Free Cash Flow: SBGI’s free cash flow is healthy and improving at $645.8 million over the last twelve months; it was a little under $500 million in June of this year. That translates to a Free Cash Flow Yield of 23%.
Debt to Equity: SBGI’s debt to equity is 7.53, which is a very high number. It jumped from 2.59 in the last quarter, reflected by the Disney RSN acquisition, which was accomplished primarily through debt. Their balance sheet shows $1.4 billion in cash and liquid assets against $12.6 billion in long-term debt. Liquidity is a concern, and it bears watching in the quarters ahead to see if the company can use its new business to grow earnings and pay down debt even further.
Dividend: SBGI’s annual divided is $.80 per share, which translates to a yield of about 3.59% at the stock’s current price.
Price/Book Ratio: there are a lot of ways to measure how much a stock should be worth; but one of the simplest methods that I like uses the stock’s Book Value, which for SBGI is $64.79. That means that the stock’s Price/Book ratio is 1.67. Their historical Price/Book ratio is 4.73, which suggests that the stock is undervalued by more than 100% right now. By contrast, however the stock is trading about 76% above its historical Price/Cash Flow ratio. That offers a more conservative, but still very interesting long-term target at around $53.50 per share.
Technical Profile
Here’s a look at the stock’s latest technical chart.
Current Price Action/Trends and Pivots: The chart above covers the last year of price activity. The red diagonal line traces the stock’s upward trend beginning in late December of last year to its peak at around $63.60 per share in May. From that point, however the stock has dropped into an extended, downward trend that has seen the stock’s bearish momentum push the stock to its current level around $30.50 per share. Support is a little below $30 where the 88.6% Fibonacci retracement line sits. If the stock can rebound from that level and move higher, it should have room to rally to a near-term peak at around $38 per share; but if it drops below $30, it should drop enough to test the next support at its 52-week low around $25 per share.

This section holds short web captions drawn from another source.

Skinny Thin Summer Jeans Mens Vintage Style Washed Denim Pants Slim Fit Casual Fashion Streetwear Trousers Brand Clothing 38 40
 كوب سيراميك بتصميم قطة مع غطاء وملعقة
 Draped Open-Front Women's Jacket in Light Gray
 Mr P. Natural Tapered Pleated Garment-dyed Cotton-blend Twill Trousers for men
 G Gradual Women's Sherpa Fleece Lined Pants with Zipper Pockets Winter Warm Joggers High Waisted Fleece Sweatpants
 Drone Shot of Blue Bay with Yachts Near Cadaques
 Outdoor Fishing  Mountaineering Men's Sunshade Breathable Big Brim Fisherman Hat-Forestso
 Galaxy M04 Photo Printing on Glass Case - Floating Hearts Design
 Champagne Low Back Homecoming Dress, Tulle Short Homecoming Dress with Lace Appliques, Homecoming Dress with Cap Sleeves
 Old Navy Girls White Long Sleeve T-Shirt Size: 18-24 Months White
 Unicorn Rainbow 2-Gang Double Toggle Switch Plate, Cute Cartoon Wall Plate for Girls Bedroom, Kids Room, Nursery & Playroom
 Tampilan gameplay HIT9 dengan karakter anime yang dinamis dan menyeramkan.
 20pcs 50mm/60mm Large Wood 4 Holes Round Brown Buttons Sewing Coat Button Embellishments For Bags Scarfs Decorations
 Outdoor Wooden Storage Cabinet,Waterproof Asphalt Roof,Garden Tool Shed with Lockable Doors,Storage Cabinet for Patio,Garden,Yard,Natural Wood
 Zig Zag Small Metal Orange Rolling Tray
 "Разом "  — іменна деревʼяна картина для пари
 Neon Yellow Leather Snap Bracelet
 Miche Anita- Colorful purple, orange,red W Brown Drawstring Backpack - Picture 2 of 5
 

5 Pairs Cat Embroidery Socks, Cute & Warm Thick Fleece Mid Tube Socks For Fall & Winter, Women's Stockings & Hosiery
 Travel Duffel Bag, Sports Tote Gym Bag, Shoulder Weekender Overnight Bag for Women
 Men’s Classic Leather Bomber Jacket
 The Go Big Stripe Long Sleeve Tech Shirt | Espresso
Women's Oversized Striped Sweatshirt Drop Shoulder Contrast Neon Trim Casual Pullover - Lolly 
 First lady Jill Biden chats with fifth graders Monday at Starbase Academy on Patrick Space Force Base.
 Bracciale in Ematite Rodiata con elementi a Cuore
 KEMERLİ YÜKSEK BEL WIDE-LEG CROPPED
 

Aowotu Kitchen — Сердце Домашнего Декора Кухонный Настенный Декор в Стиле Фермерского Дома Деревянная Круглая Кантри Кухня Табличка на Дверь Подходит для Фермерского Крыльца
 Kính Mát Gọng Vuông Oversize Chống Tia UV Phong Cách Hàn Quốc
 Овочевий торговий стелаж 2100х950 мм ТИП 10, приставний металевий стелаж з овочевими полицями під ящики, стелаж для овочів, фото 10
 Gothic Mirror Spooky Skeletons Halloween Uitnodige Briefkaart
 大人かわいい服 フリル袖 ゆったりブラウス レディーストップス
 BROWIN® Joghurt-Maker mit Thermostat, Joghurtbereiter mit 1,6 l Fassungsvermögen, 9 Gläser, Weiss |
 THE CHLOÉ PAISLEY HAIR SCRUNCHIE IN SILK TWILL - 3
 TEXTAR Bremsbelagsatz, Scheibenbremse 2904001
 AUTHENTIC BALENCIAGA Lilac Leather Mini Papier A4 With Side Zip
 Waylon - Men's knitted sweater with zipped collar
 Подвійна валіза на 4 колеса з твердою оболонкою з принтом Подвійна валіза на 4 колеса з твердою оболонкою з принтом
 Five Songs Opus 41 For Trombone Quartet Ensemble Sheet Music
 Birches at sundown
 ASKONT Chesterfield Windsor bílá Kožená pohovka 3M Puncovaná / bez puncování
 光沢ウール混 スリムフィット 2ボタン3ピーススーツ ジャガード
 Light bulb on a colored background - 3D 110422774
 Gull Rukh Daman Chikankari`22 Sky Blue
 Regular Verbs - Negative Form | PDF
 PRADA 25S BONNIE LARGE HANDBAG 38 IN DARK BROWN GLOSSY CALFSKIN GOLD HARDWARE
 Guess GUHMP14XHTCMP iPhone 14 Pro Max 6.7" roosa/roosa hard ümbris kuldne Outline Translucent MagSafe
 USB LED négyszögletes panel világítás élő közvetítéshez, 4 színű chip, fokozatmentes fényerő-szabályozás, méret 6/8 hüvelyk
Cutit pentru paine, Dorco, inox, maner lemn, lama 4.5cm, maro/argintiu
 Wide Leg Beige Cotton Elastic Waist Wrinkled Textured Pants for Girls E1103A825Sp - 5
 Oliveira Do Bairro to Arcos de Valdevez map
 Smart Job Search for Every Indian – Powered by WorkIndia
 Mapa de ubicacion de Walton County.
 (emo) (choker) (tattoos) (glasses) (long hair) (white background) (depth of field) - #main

Near-term Keys: If you work off of the basis of the stock’s Price/Book ratio, SBGI carries a compelling value argument. Projecting a long-term target price above $90 per share is over-optimistic in my view, given that the stock’s all-time high was reached in May of this year at just about $65; however that peak, along with the stock’s Price/Cash Flow ratio does offer an interesting opportunity if you’re willing to be patient with a stock that has a mostly solid fundamental basis. From a short-term standpoint, a bounce off of support at $30 could offer an interesting short-term bullish trade using the stock itself or call options, with a short-term target at around $38 per share. A push below $30 should see the stock drop to about $25, with room to test its 52-week low point around $25 if bearish momentum continues; that could offer a useful opportunity to short the stock or to buy put options.